The costs to Britain of a potential departure from the EU are much argued over, but when it comes to the crunch, even the most likely scenarios put forward by the pro-Brexit camp show the country could be worse off.
A recent example that has received an extraordinary amount of attention are the finalists for the London-based Institute of Economic Affairs’ €100,000 Brexit Prize. Despite all the coverage and praise received by the winning essay, one fundamental point remains: the winning essay does not support Brexit, it actually supports “Britin”.
I am not saying the essay makes a clumsy case or that it finds Brexit benefits to be small, ambiguous, or difficult to calculate; I am saying that the winning essay of the 2014 Brexit Prize, which is supposed to find the best way for the UK to leave the EU, actually makes the case for the UK to remain in the EU.
How can this be? The winning essay enumerates the steps Brexit would entail and assesses the value of choosing Brexit. Will the UK be richer post-EU? Brexit’s “most likely scenario” is to “boost the UK economy by £1.3 billion.” Unsurprisingly, the £1.3 billion figure has taken most of the limelight, but there are problems with how that figure is arrived at, through an estimated “total impact on GDP of +0.1%”.

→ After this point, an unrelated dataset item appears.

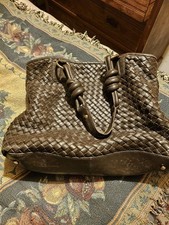 EPISODE BROWN PLAITED LEATHER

The pound (or euro) in your pocket
But what about the impact of Brexit in terms of GDP per person? Will the average person be poorer or will she be richer if the UK leaves the EU? The answer requires (at least) the we understand population growth. The Office of National Statistics estimates population growth to be 0.8% per year (until 2027). The growth rate of GDP per person can be expressed as the growth rate of GDP minus the growth rate of population. The total impact of Brexit on GDP, according to the winning essay is +0.1% and the growth rate of population is +0.8%. Hence the total impact of Brexit on a per person basis according to the “most likely scenario” of the 2014 Brexit prize winner is -0.7%. In short, the impact of Brexit is to make the average person in the UK poorer (not richer).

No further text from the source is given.